Objective: Periprosthetic fracture in total hip arthroplasty (THA) can be catastrophic, and early detection and appropriate management are vital to the overall prognosis. This study aimed to describe and summarize the features of undetected intraoperative periprosthetic femoral fractures (IPFFs) in primary THA patients and treatment measures and to review the relevant literature.

Methods: We reviewed a total of 6350 primary THAs performed at our institution between January 2013 and December 2020 and screened all IPFFs. Of 138 IPFFs, 24 were undetected and met the inclusion criteria. We recorded and compared basic patient and operative information and measured some parameters to evaluate canal morphologies based on preoperative radiographs. We also compared fracture line characteristics using postoperative radiographs to summarize the features of intraoperative fractures and propose treatment strategies. The Kolmogorov-Smirnov test was used to test the normality of the variable distributions. Measured parameters in all groups were analyzed using one-way analysis of variance and compared using Dunnett's test. The χ and Fisher exact tests were used to compare reoperation rates across the groups. Interrater and intrarater reliability were evaluated by intraclass correlation coefficients.

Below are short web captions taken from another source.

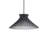 Zenya 1 - Light LED Single Pendant-69528169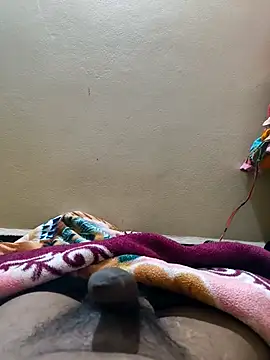 coocon2020 online show from 9, 9, 2025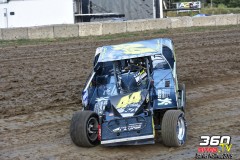 19-08-24-rpm-a-388-dxo
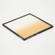 Formatt Hitech 4 x 4" Color Graduated Go...: Picture 2 thumbnail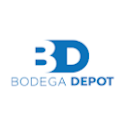 Bodega Depot Bodega Depot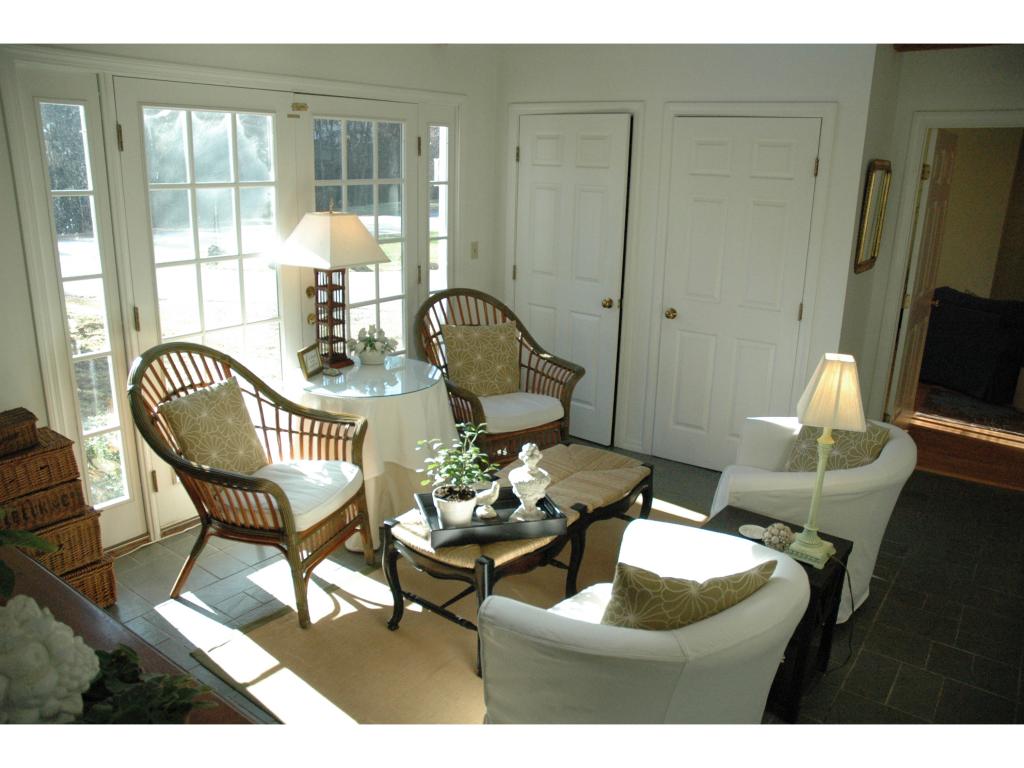 434 School House Road Dummerston, VT 05346 - Photo 11 of 36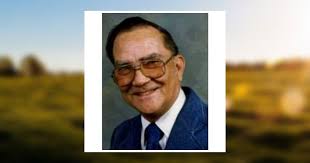 Frank Boley, Jr. Obituary November 25, 2010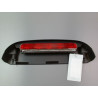 FEUX STOP SUPPLEMENTAIRE PEUGEOT BIPPER TEPEE 2008-...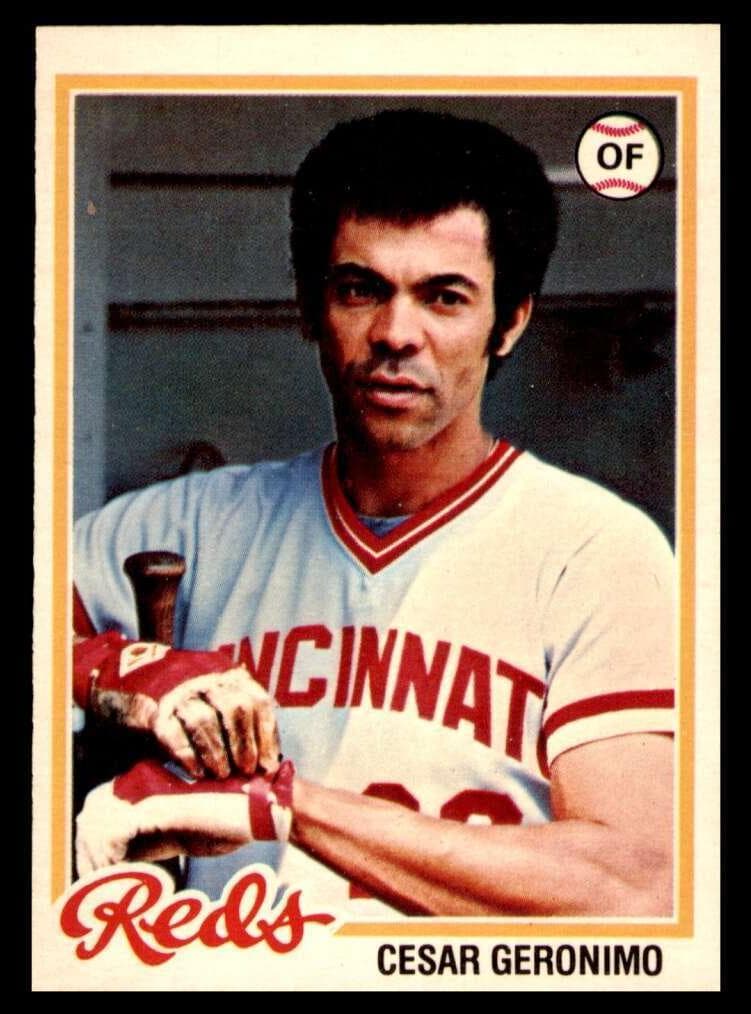 #32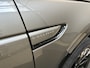 Land Rover Discovery Sport P270e PHEV Dynamic SE | Panorama | Surround Audio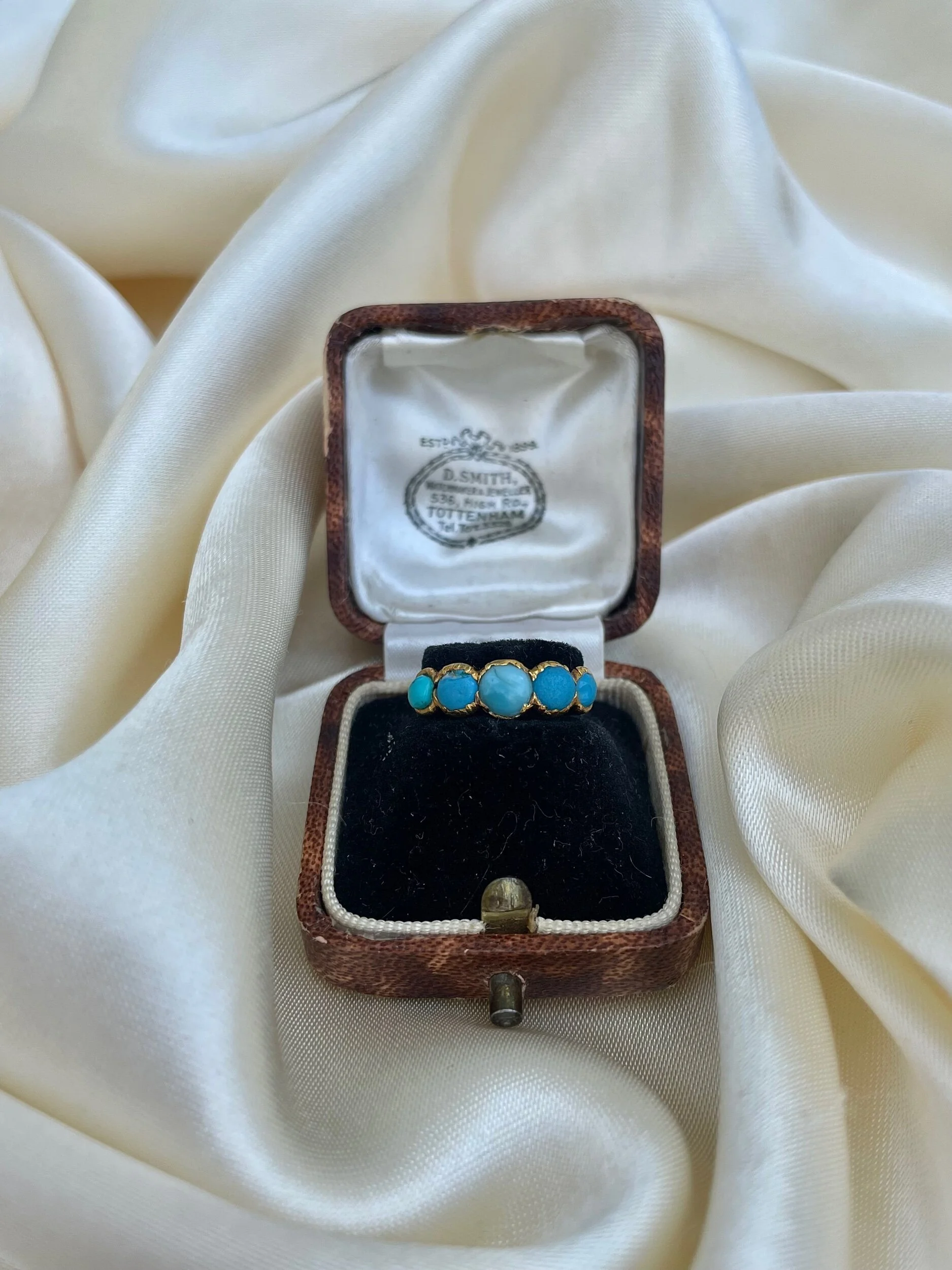 AE410BC2-9C41-4886-8B97-AA597DB0F588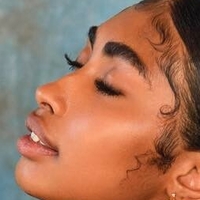 Jasmine Chola Meztelen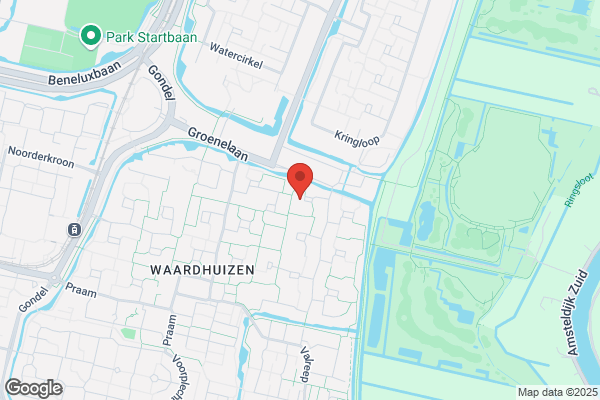 Suhendra Arts Acupunctuur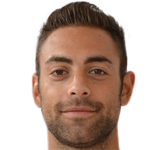 photo Christian Esposito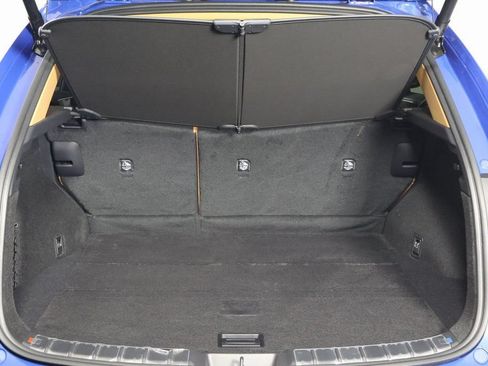 New 2026 Lexus NX 350h AWD w/ Premium Package image 8
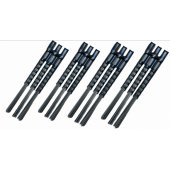 2200000029195 30mm 4pcs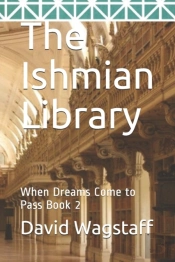The Ishmian Library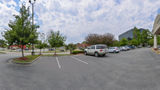 <b>Holiday Inn Express & Suites Lafayette Exterior</b>. Virtual Tours powered by <a href="https://www.leonardoworldwide.com/" title="Leonardo Worldwide" target="_blank">Leonardo</a>.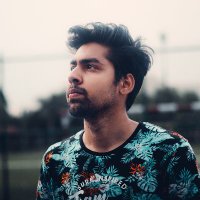 anuj yadav (@anujyad02888635) 's Twitter Profile Photo anuj yadav (@anujyad02888635) 's Twitter Profile Photo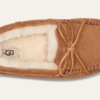 Olsen Slipper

Results: Among the 24 hips, there was no significant difference in patient demographics, basic operative information or morphology. The incidence of IPFFs in primary THA patients was 2.17%, and up to 17.4% of IPFFs were undetected until postoperative fluoroscopy. The incidence of undetected IPFFs among all primary THA patients was 0.38% and varied by stem type, with the highest incidence in femurs with either anatomical (1.04%, 4/385) or modular stems (0.90%, 9/1003). Femurs with anatomical stems had a higher reoperation rate. The distal periprosthetic (Gruen zone 4) fracture line of femurs with tapered stems was more prone to involve the medial or lateral bone cortex, which could cause instability.

Conclusion: An undetected IPFF is most likely in femurs fitted with a prosthesis of an inappropriate size or type. Anatomical stems will most likely cause unstable fractures; thus, it is recommended to use them with caution and note the possibility of medial distal femoral fracture. Improper modular stem type or size selection results in longitudinal fractures of the distal femur, and prophylactic cerclage wire binding is recommended in dysplastic hips. Incorrect use of tapered stems in well-ossified femurs may cause distal femoral fractures involving the medial or lateral bone cortex. Intraoperative fluoroscopy after implantation may help detect hidden fractures.